This past Sunday was a milestone for Denver Community Church, where elders recently voted unanimously for full inclusion of LGBT people. They had prayed over the role gays, lesbians, and transgender folks should play in the church, and they sought help from a trans pastor, the Rev. Paula Williams. She spoke with us recently about that experience.

Williams gave her first sermon at DCC this past weekend. Part of it was about how she'd recently reconnected with her parents.

Excerpt

"My mother had an agenda. She's 91. She was going to make sure I knew that I had been born her son. She was there, you know! And she was going to make sure that she only called me Paul, and that she only referred to me in male pronouns. But I had been there about a half hour, and she just couldn't keep up with her agenda. Dad was in the kitchen, and we were admiring some things I've always admired of hers. Some cups and saucers.

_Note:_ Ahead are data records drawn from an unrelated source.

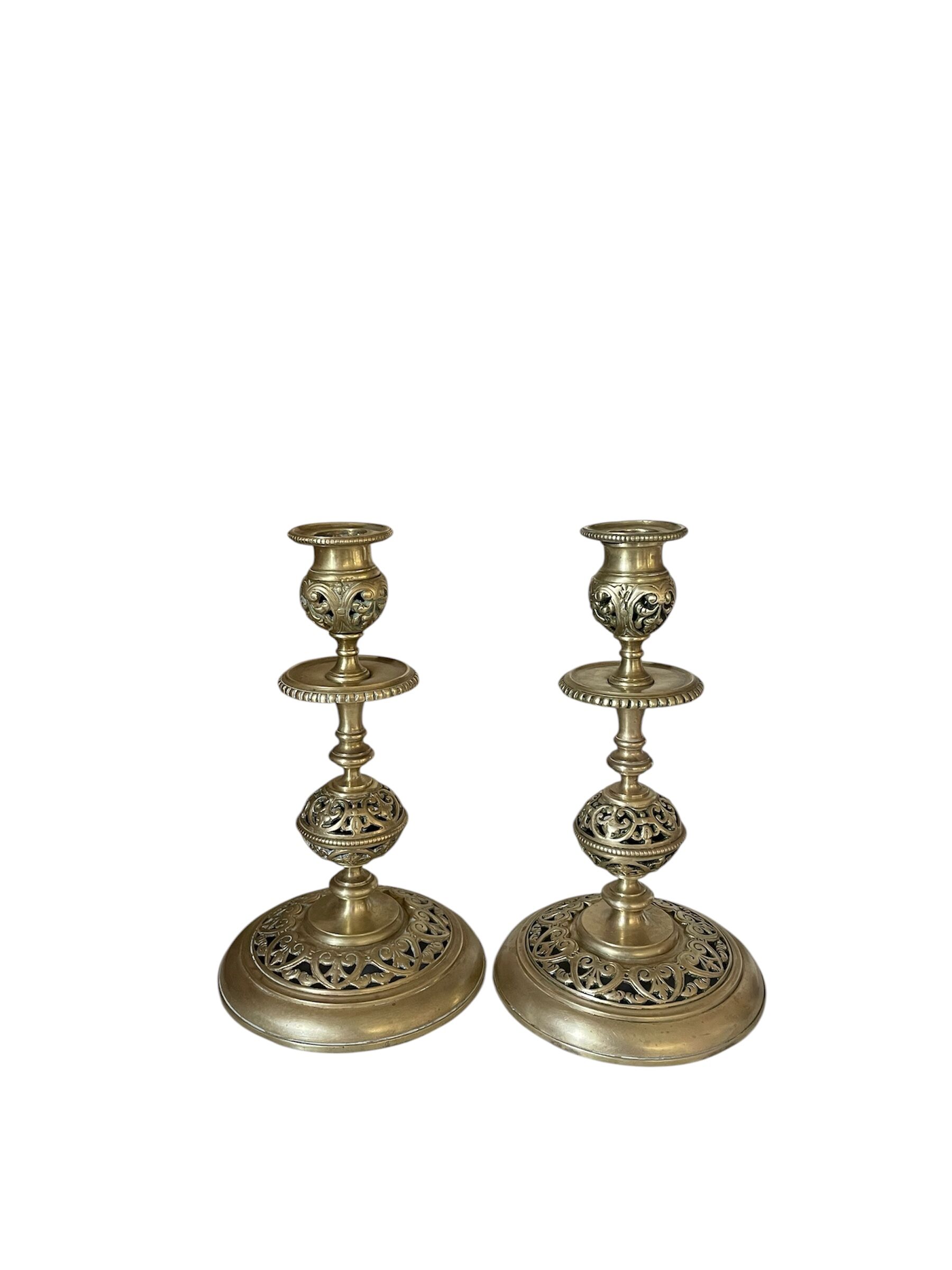pair of openwork gilded brass candlesticks from the 19th century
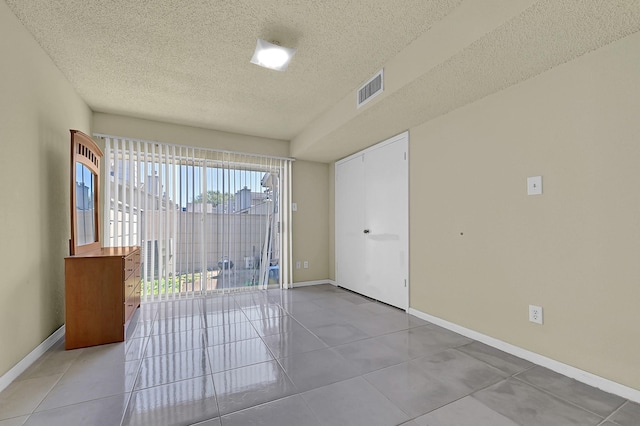 unfurnished room with light tile patterned floors, a textured ceiling, baseboards, and visible vents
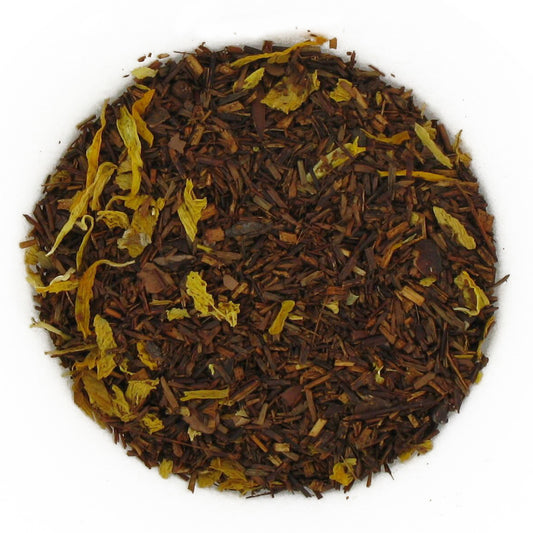 A close-up image of Godiva Roche flavored rooibos tea loose leaf, showing the blend of brown rooibos pieces, lighter rooibos strands, and added ingredients like petals and chocolate pieces.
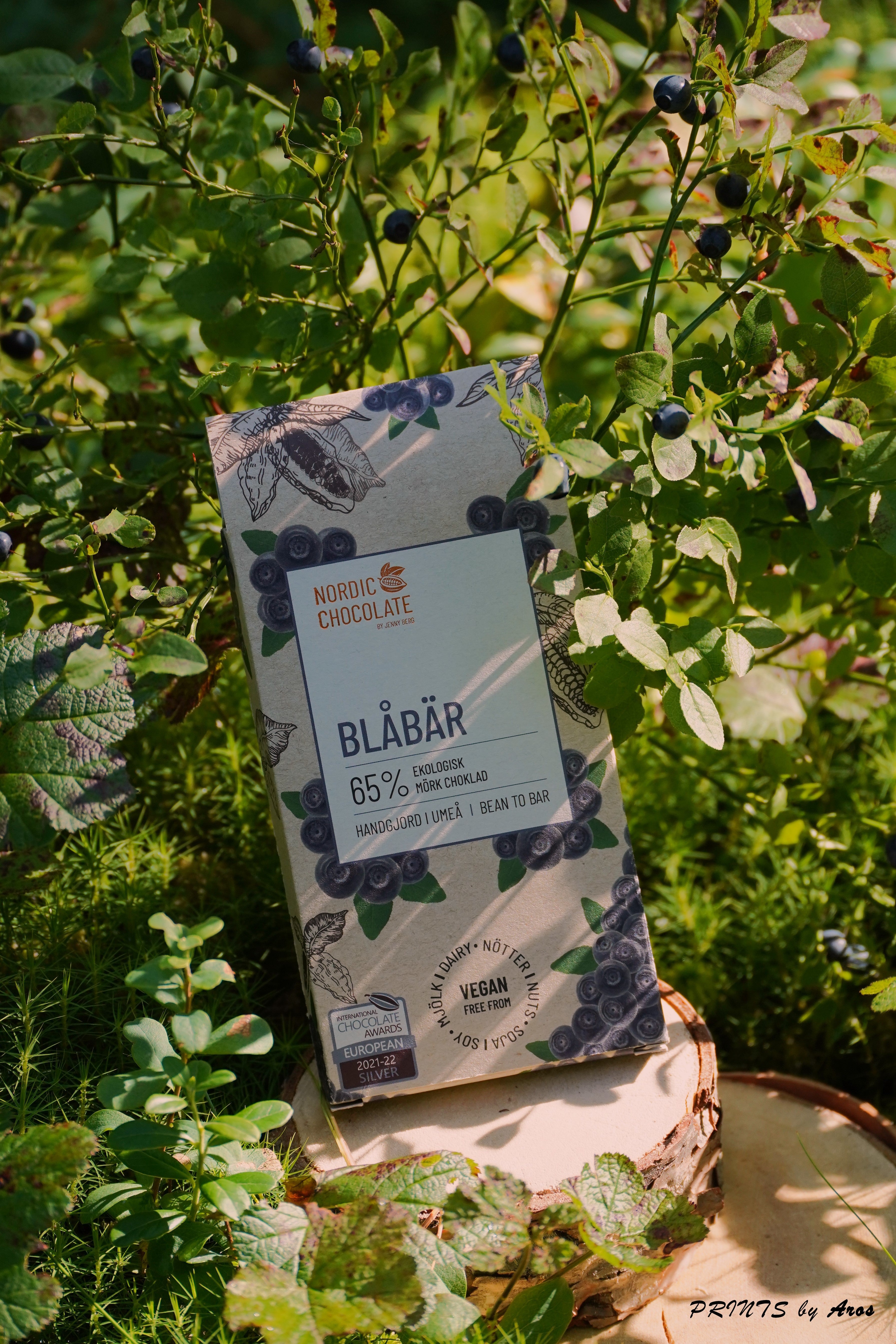 Blaubeerschokolade - Verpackung mit Heidelbeeren und Kakaofrucht unter Blaubeerstrauch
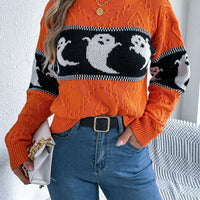 Orange textured sweater featuring a black-and-white ghost pattern and ribbed hem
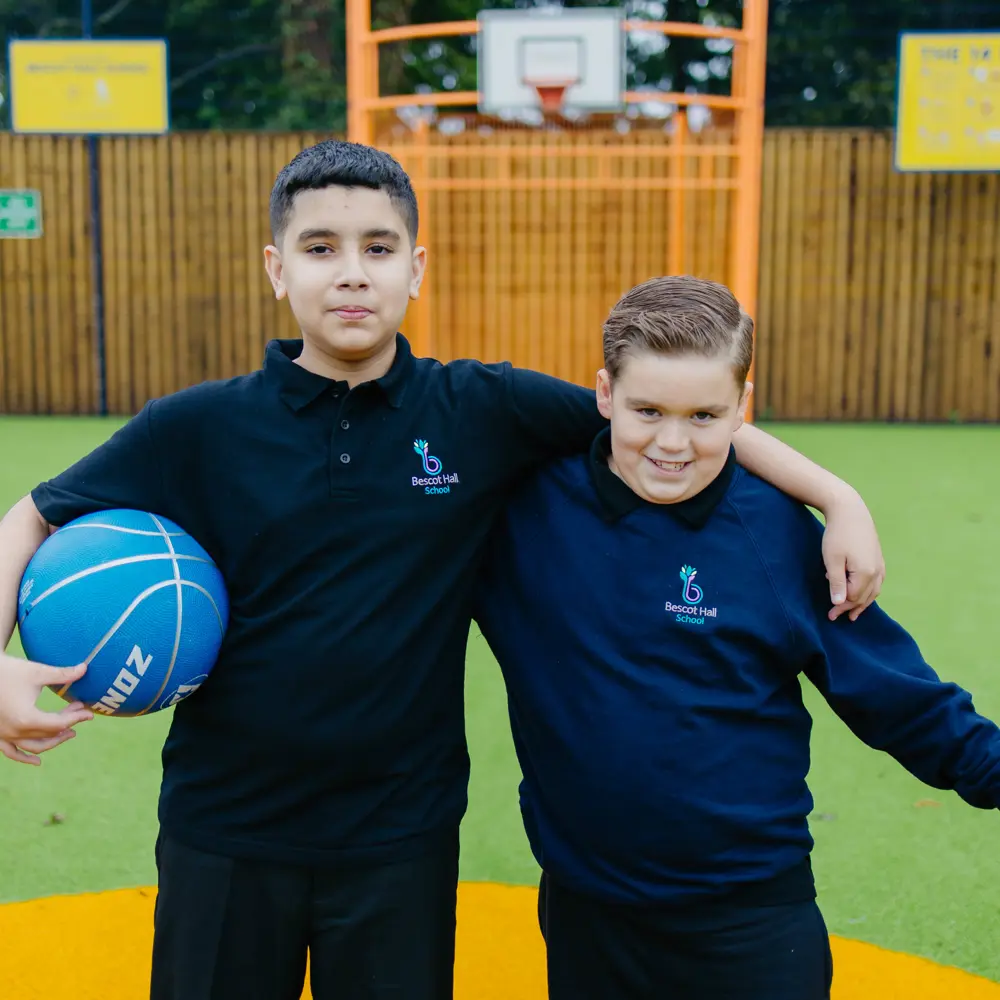 Two boys from Bescot Hall School on the sports court linking arms with each other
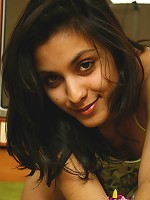 Girl gets naked and plays with her pussy in the kitchen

"And so she said to my father, she said, 'Well Dave, she wants to take one of the cups and saucers with her, so I told her to pick out whichever one she wants to pick out. And that she can take it with her now.' And I was like, 'Oh that's so sweet. She's correctly gendering me! She had this agenda, but she just couldn't stick with it because she was enjoying this woman who had come to visit with her. I spent a delightful day with them. I took pictures! Pictures of me with my father, pictures of me with my mother. It was a day that I'll treasure forever.

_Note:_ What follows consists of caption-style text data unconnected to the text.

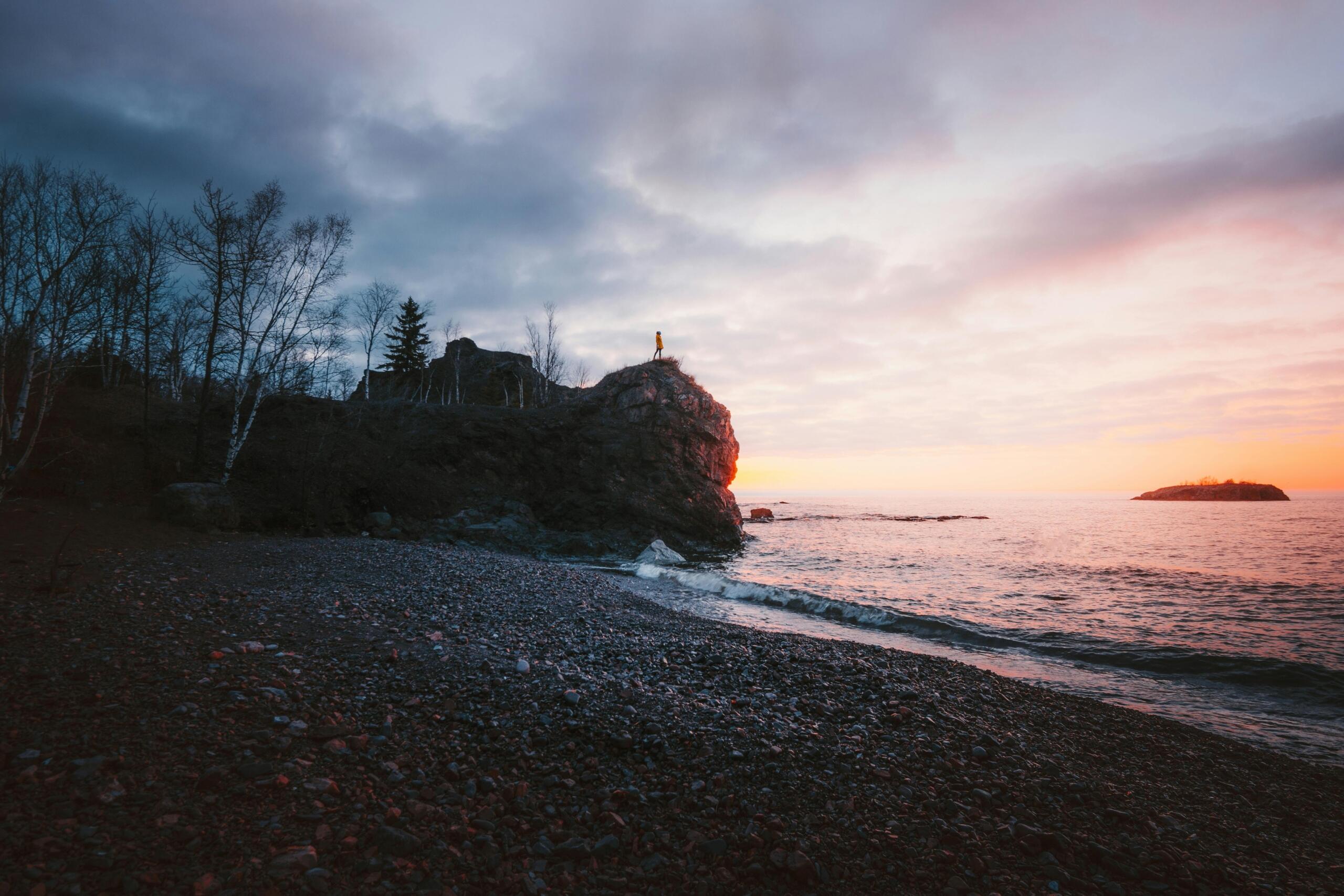 A rocky cliff juts out into a lake at sunset.
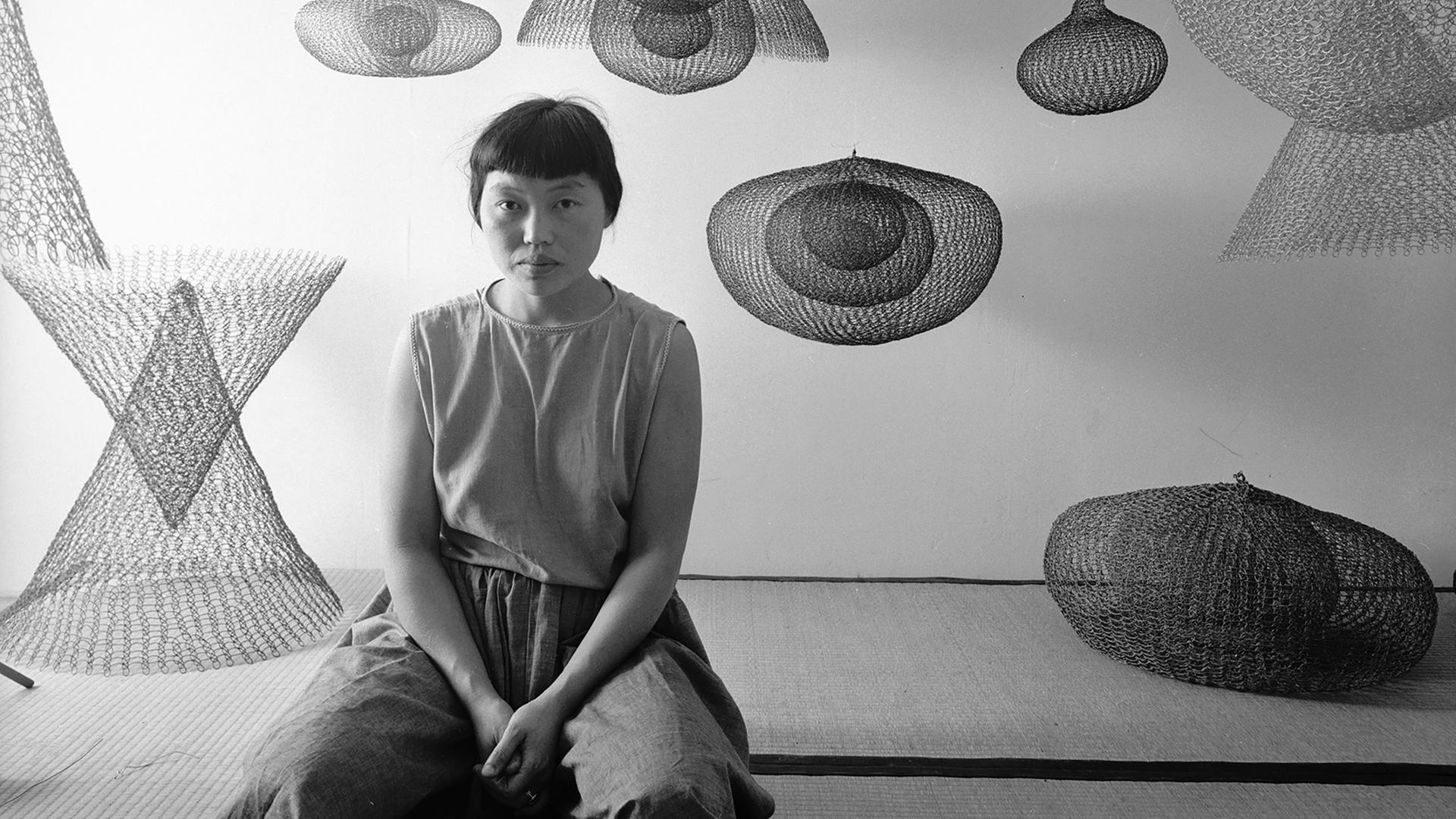 Auf der Schwarz-Weiß-Fotografie sieht man eine kniende Frau, umgeben von Kunstobjekten.
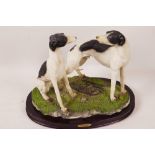 A composition figure of two greyhounds on an oval wooden plinth, 8½" high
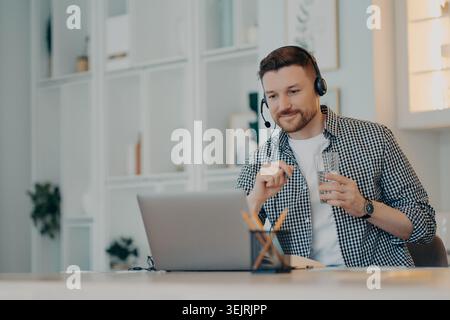Man wearing headset drinks water while working on laptop in bright home office Stock Photo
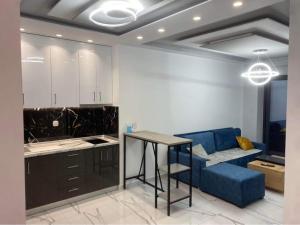 a kitchen with a blue couch and a table at Candi Luxury Suites in Neos Marmaras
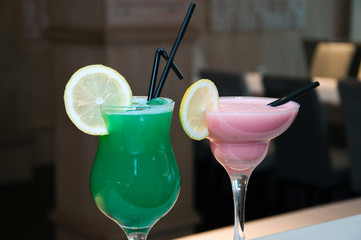 Glasses with cocktails on the background of the bar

"Dad is 93, mom is 91. When it was time to go, dad came over and very seriously hugged me. And he said, you know, I can't call you my daughter. And I said, 'Well dad, of course you can't. You raised a son, it's OK.' He said, 'I can call you Paula though. Because I don't have to understand this, I just have to choose to love you.'

"We are a fragmented nation. Polarized to extremes. We can't escape it in the news. Everywhere we turn, people are at one extreme or the other. How do we unite? There's only one way. If people find the courage to say the same thing my father said. If we find the courage to say, 'You know, I don't have to understand this. I just have to choose to love you. And if we can say that, we can heal this nation. We can bring unity."